Une technologie de pointe
Pour retrouver la splendeur originelle des 7.000 mètres carrés de la façade en pierre de la Basilique, conçue par Carlo Maderno au début du XVIIe siècle, il a fallu deux ans et demi de travaux, 150 scientifiques, des techniciens et des restaurateurs différents selon les phases de restauration. Le coût : six millions de dollars ; 45 % de cette somme a été consacrée à la réalisation de diagnostics scientifiques sur l'état du monument. Grâce à des photogrammes, on a pu réaliser une carte complète de la façade et analyser centimètre par centimètre le type d'intervention nécessaire. Des milliers de fragments extraits de la superficie et de l'intérieur de la pierre ont été analysés. Les experts ont alors décidé d'utiliser la technique "jos", un jet d'air, d'eau et de poussière de carbone qui enlève la saleté sans endommager la pierre.

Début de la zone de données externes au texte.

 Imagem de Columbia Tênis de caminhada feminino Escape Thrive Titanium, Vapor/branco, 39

L'aspect le plus important de l'oeuvre réalisée par l'ENI est l'utilisation de technologies sophistiquées dérivées du développement des missions spatiales. Vittorio Mincato, administrateur délégué de l'ENI, a montré à la presse,avec l'aide d'une cassette vidéo, la manière dont ils ont pu, grâce à photogrammétrie, aux techniques de géoradar, à la diffraction de rayons X,à la microscopie électronique et à la thermographie, analyser la couleur originale, les micro-organismes, la profondeur des matériaux, les éventuelles fractures internes et l'état de conservation des supports métalliques qui unissent les blocs de pierre entre eux, sans endommager les matériaux de l'édifice. Toutes ces informations ont été décisives pour réaliser le nettoyage et la restauration de façon appropriée.

Mais la grande surprise de cette restauration a été de découvrir que la façade avait été peinte.

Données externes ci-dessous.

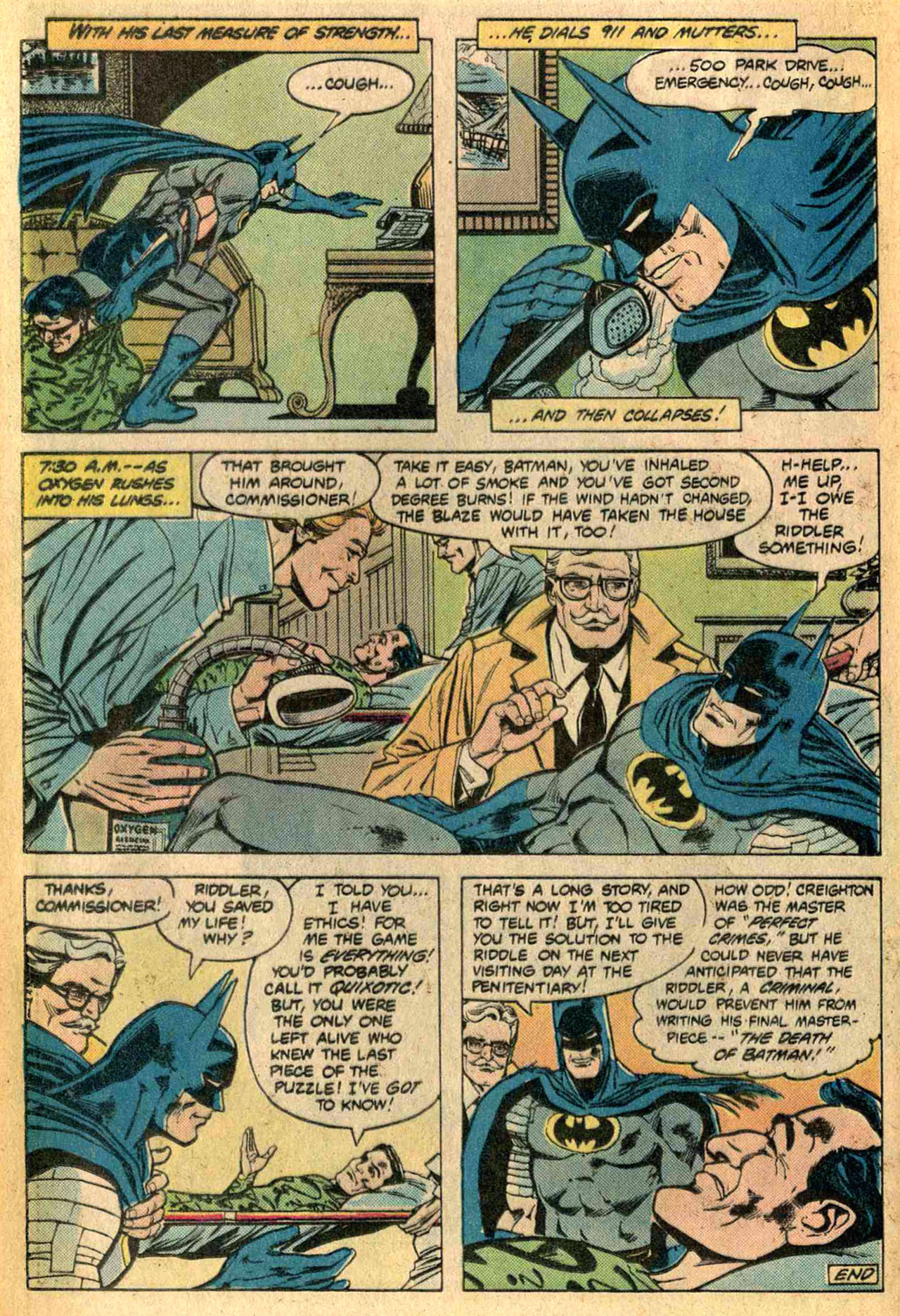 Read online The Brave and the Bold (1955) comic -  Issue #183 - 24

Le professeur Sandro Benedetti, de la Fabrique de Saint Pierre, a expliqué que c'est Carlo Maderno qui avait demandé de peindre la façade. La restauration n'a fait qu'éliminer la saleté et retrouver ce qui restait de la couleur au bout de presque quatre siècles.

Cette restauration a permis non seulement de retrouver la splendeur de la façade de Saint Pierre mais aussi de fournir une base de données unique obtenue grâce aux études réalisées, et qui sera extrêmement utile pour les restaurations futures. Un système de contrôle de la pollution atmosphériquea également été créé. Le quartier du Vatican est particulièrement pollué par les cars de tourisme.
Ce problème devrait toutefois être résolu grâce au parking souterrain que le Vatican est en train de construire au Janicule.